Uzun süre dışarıda kalan insanlar soğuğa dayanamayıp sağlam binalara girdiğinde tekrar büyük bir deprem daha yaşadılar.  İnsanlar ikinci büyük depremin olacağını tahmin edemediler. İlk depremde hasar alan binalar ikinci büyük depreme dayanamayarak yıkıldı. Birçok insan enkaz altında kaldı. Dışarıya çıkmayı başarabilen insanlar soğukta günlerce kaldılar. Yakınları olanlar o soğuktan diğer illere götürülerek kurtarıldı. Gidemeyenler cami ve spor salonu gibi toplanma alanlarında beklediler; çadır ve konteynerlara yerleştirildiler. Ben de ailemi Sakarya’ya getirdim. Malatya’ya giderken yolda pek çok yardım konvoyu ve iş makinelerinin deprem bölgesine gittiğini gördüm. Tüm Türkiye tek yürek olmuştu. Depremzedelere yardım ulaştırmak için çabalıyordu.

Malatya’ya gittiğimde memleketimin yıkılan sokaklarını görünce yüreğim kan ağladı. Namaz kıldığım camiler yıkılmıştı. O camilerin halılarının üzerinde alnımın izi, taş yığınlarının altında kalmıştı. Çocukluğumun geçtiği sokaklarda yıkılmış anılarım enkaz altında kalmıştı. Malatya hayalet bir şehre dönüşmüş, sokaklarda insan kalmamıştı.

Birçok insan ailem gibi yaşadıkları yerleri terk edip başka şehirlere göç ediyordu. Binalar yeniden yapılacak, depremzedeler evlerine döndüklerinde artık onları bekleyen bambaşka bir şehir olacaktı. Canları sağdı Allah’a şükür, ama onların içinde yaşamaya dair ne kadar çok korku birikmişti.

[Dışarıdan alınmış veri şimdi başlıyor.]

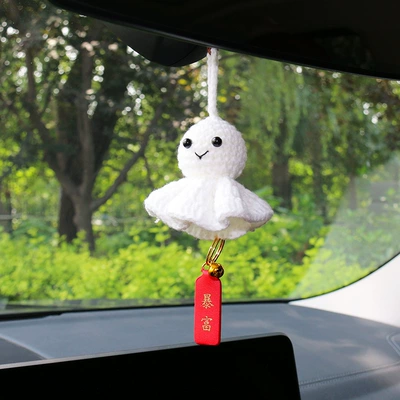 Rearview Mirror Pendants, Plush — Car hanging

Artık en ufak bir sarsıntıda büyük korkular yaşayacaklardı.  Bu deprem onların içinde nice enkazlar bırakmıştı.  Gittikleri başka şehirler onlar için bambaşka bir diyar, bambaşka bir yaşam olacaktı. Çünkü memleketlerini isteyerek terk etmemişlerdi. Yıllarca yaşadıkları şehri bir deprem onlardan almıştı. Geldikleri yer onlara bir rüya gibi gelecekti. Onlar için hâlâ bu kâbus devam ediyordu.  Öğrenciler için çok daha zordu bu durum. Okullarından ayrılıp hiç bilmedikleri bir şehirde yeni arkadaşları ile eğitimlerine devam edeceklerdi. Geride bıraktıkları okullarını, arkadaşlarını ve öğretmenlerini özleyeceklerdi. Deprem herkesin içinde derin izler bırakmıştı. Birçok insan annesini, babasını, evladını ve sevdiklerini kaybetti.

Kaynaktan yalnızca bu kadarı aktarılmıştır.